Dataset excerpts
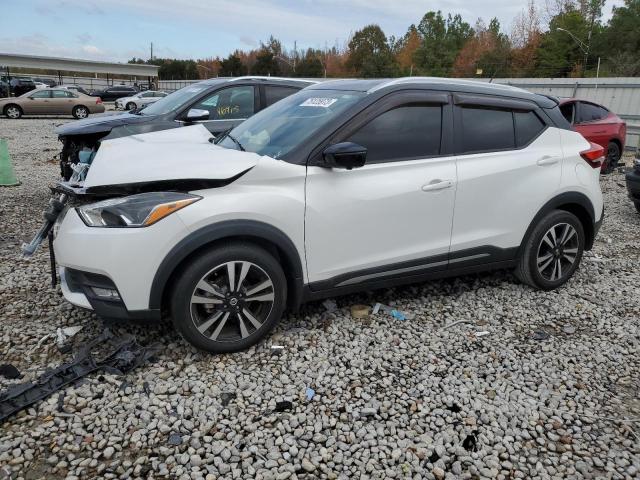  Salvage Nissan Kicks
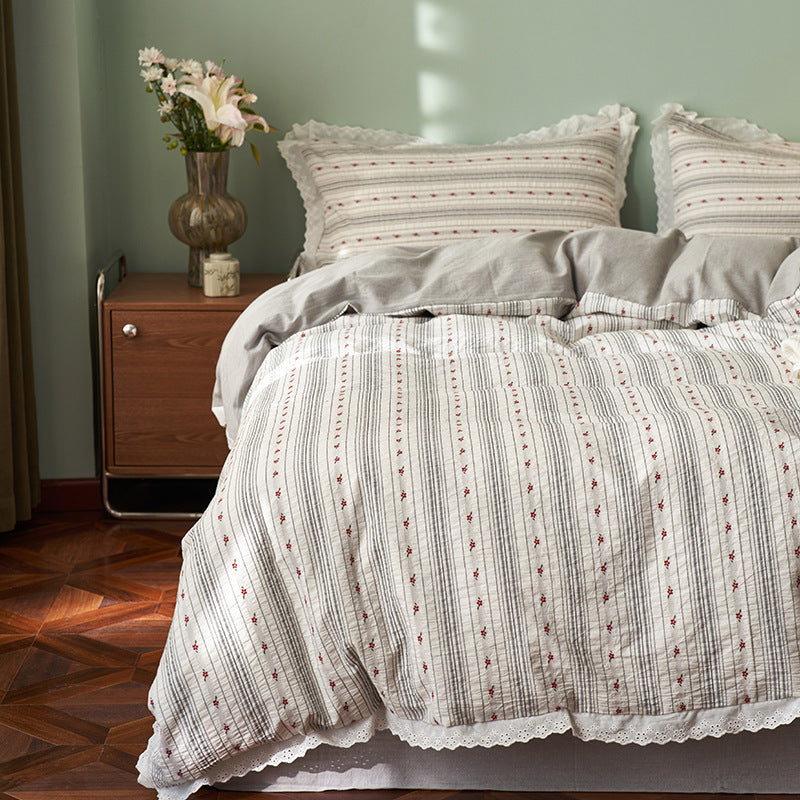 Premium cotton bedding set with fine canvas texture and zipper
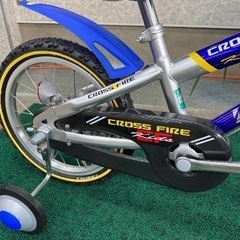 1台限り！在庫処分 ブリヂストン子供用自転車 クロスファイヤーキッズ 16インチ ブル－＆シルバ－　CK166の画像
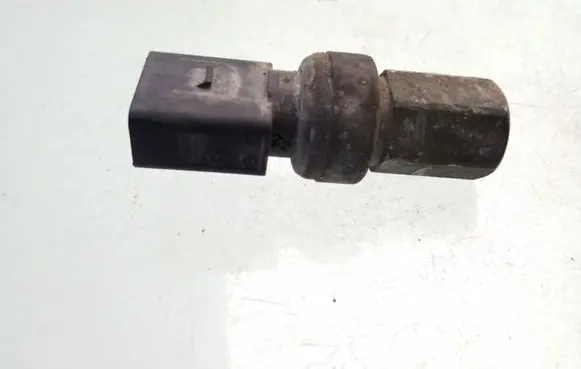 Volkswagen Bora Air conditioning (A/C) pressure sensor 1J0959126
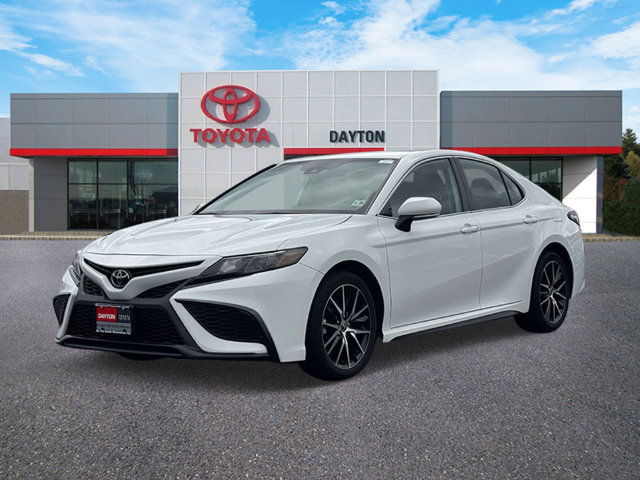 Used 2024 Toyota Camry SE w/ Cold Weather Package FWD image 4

--

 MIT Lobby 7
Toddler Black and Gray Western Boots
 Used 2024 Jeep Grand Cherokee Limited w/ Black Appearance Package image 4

--

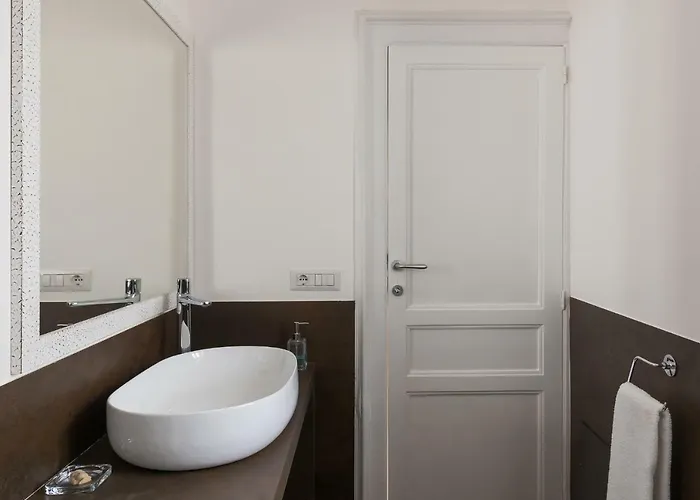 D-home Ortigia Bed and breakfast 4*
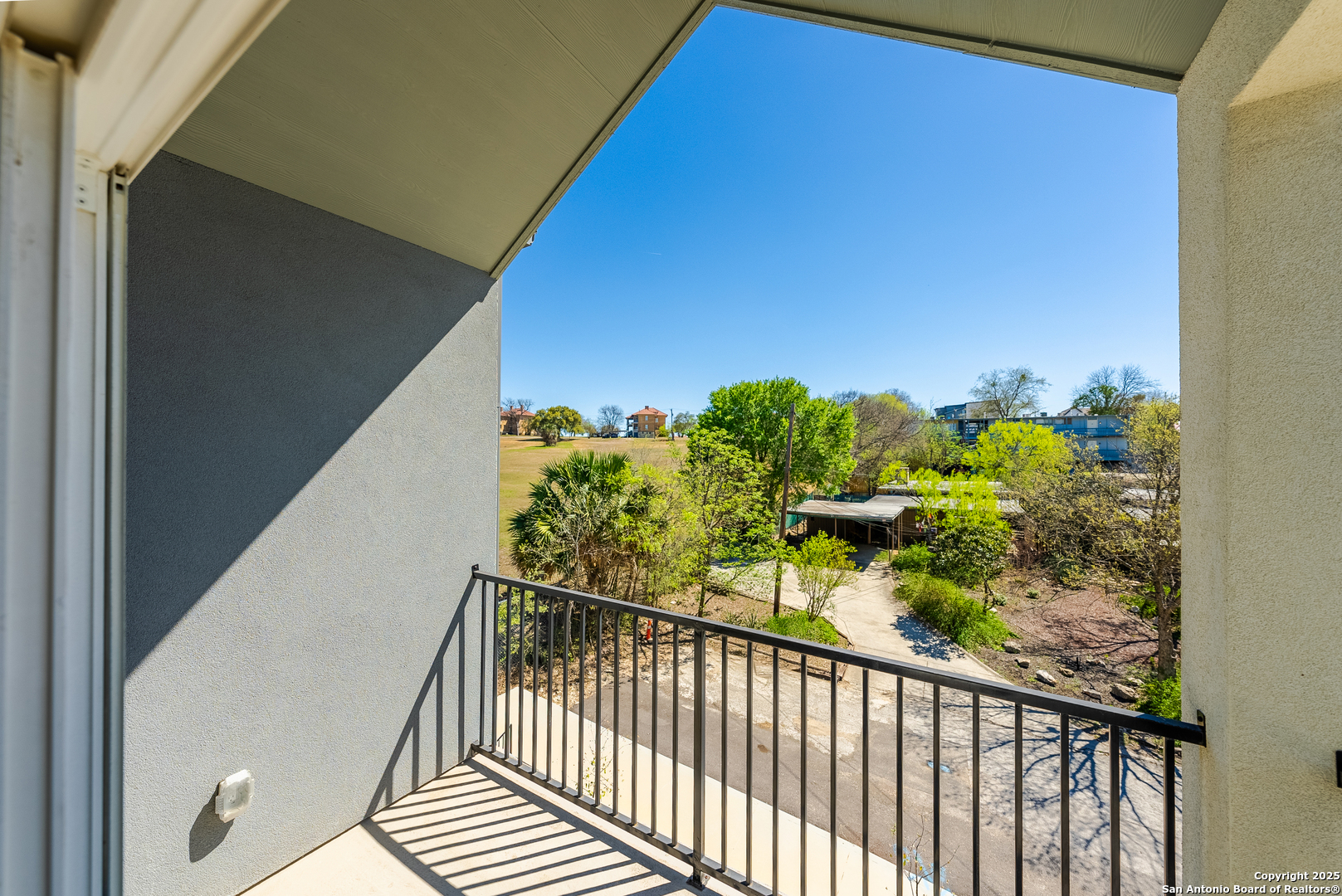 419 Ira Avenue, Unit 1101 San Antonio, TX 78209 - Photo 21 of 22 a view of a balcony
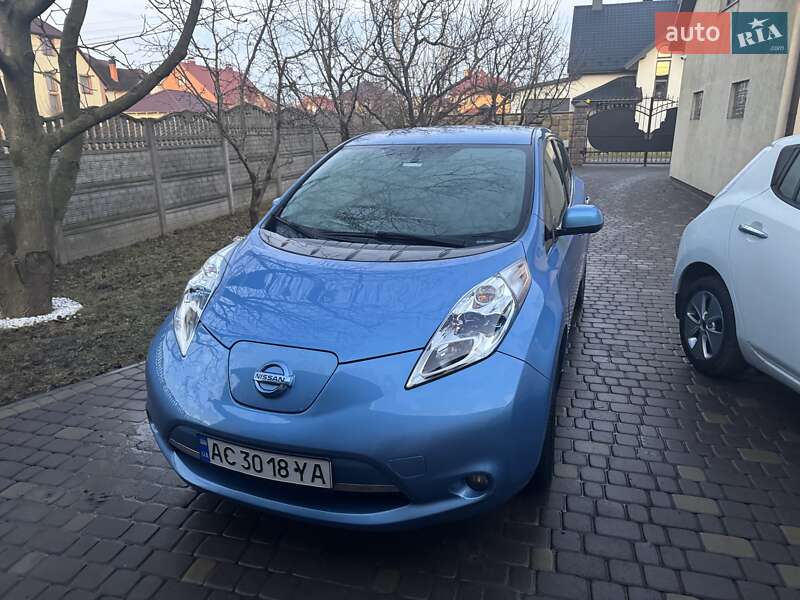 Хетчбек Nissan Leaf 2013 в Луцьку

Goal of the exercise
Set down exactly the lines above, from the line containing "Premium cotton bedding" through the line containing "Used 2024 Toyota". Skip the pictures.

Reply
 Premium cotton bedding set with fine canvas texture and zipper
 1台限り！在庫処分 ブリヂストン子供用自転車 クロスファイヤーキッズ 16インチ ブル－＆シルバ－　CK166の画像
 Volkswagen Bora Air conditioning (A/C) pressure sensor 1J0959126
 Used 2024 Toyota Camry SE w/ Cold Weather Package FWD image 4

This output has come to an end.